= PROBLEM TO WORK ON =
Restate word for word the entries below, starting at the line with "Be Notorious Rumi Inspirational Quote Plaque" and ending at the line with "Too Blessed to". Keep both end lines and omit the pictures.

= GIVEN INFORMATION =
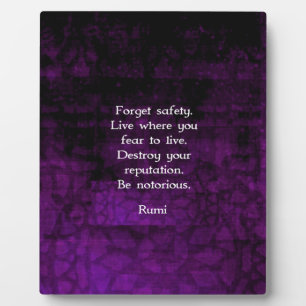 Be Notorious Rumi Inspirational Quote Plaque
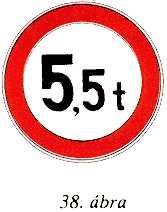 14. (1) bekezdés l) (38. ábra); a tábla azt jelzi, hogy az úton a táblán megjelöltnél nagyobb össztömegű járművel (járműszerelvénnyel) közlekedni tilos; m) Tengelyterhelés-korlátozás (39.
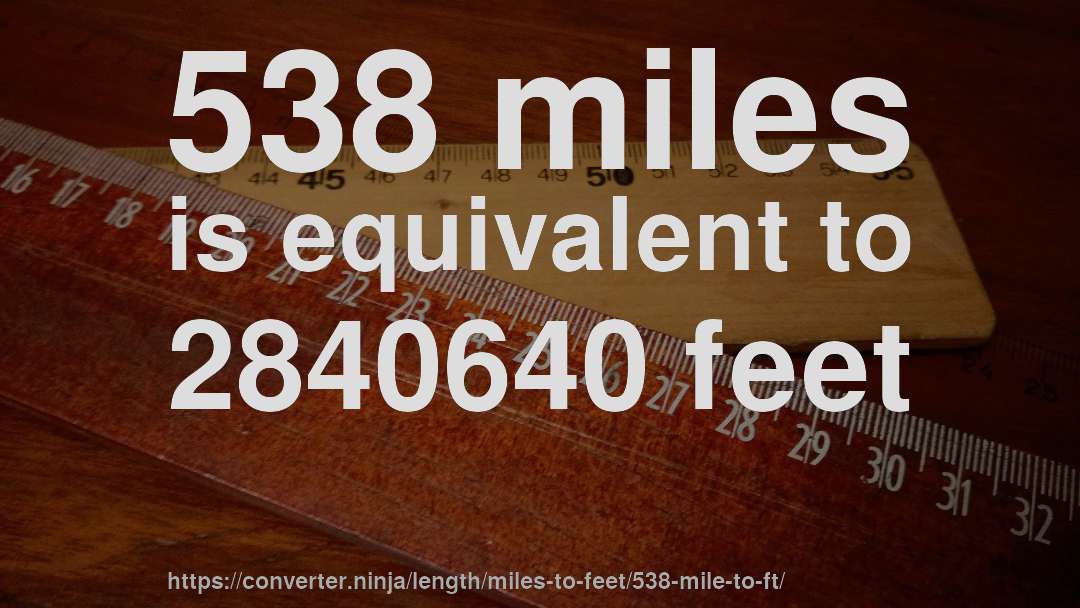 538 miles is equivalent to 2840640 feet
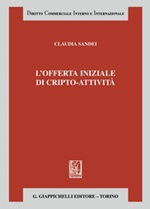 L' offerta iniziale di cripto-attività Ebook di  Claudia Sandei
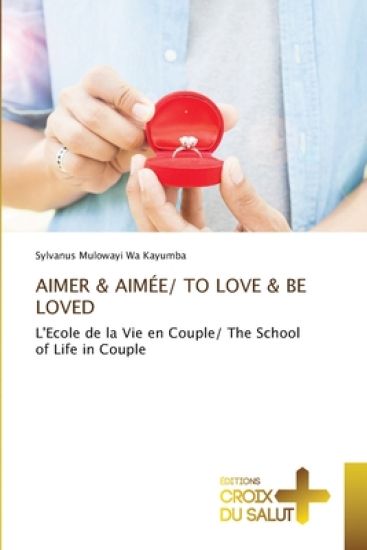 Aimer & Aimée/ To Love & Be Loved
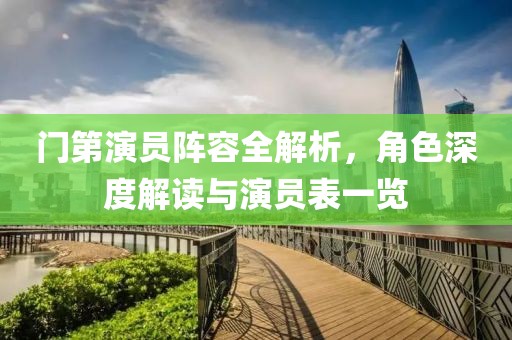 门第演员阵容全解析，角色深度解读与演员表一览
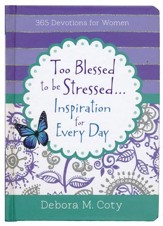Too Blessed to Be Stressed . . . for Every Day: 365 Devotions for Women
--
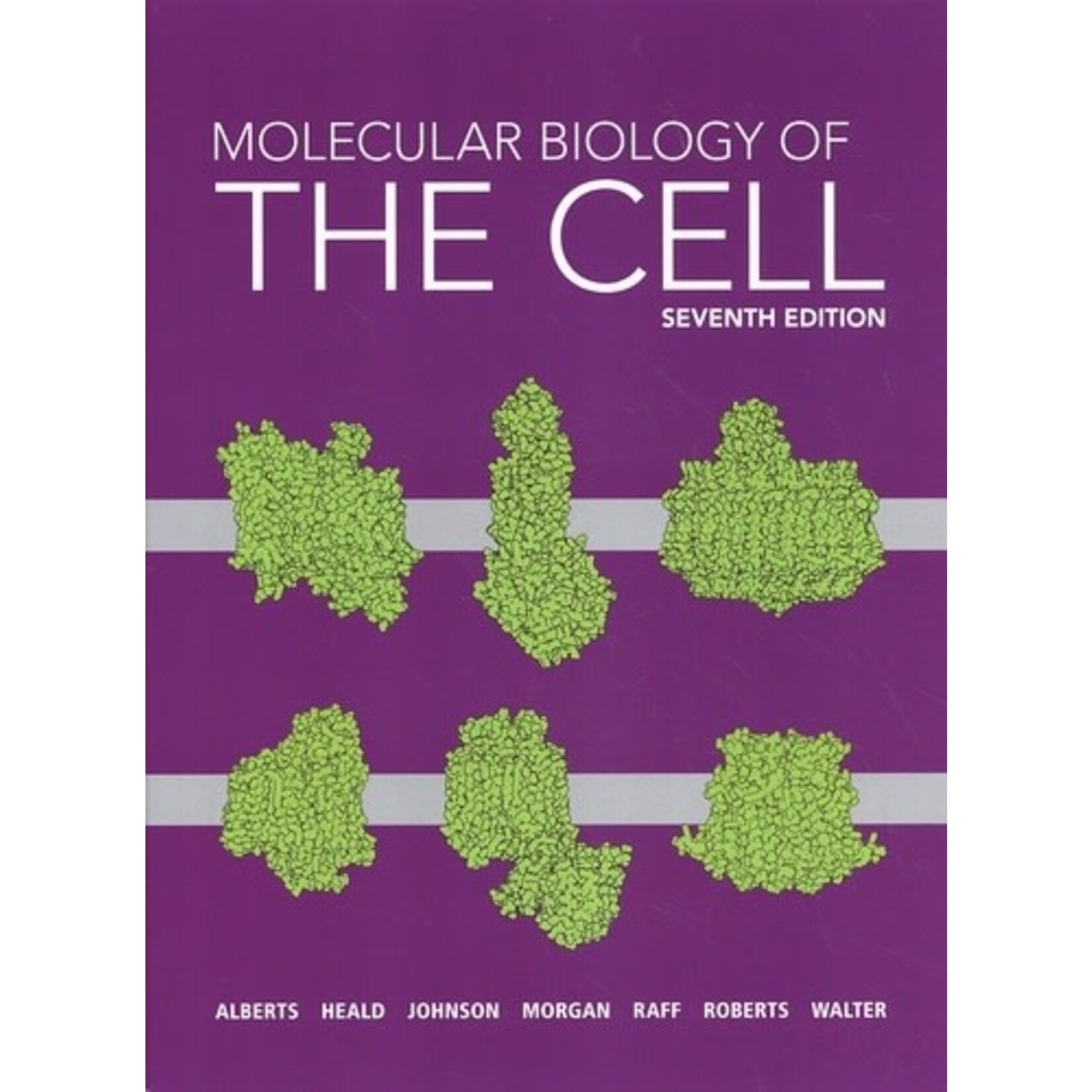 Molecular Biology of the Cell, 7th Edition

= FINISHED TASK =
 Be Notorious Rumi Inspirational Quote Plaque
 14. (1) bekezdés l) (38. ábra); a tábla azt jelzi, hogy az úton a táblán megjelöltnél nagyobb össztömegű járművel (járműszerelvénnyel) közlekedni tilos; m) Tengelyterhelés-korlátozás (39.
 538 miles is equivalent to 2840640 feet
 L' offerta iniziale di cripto-attività Ebook di  Claudia Sandei
 Aimer & Aimée/ To Love & Be Loved
 门第演员阵容全解析，角色深度解读与演员表一览
Too Blessed to Be Stressed . . . for Every Day: 365 Devotions for Women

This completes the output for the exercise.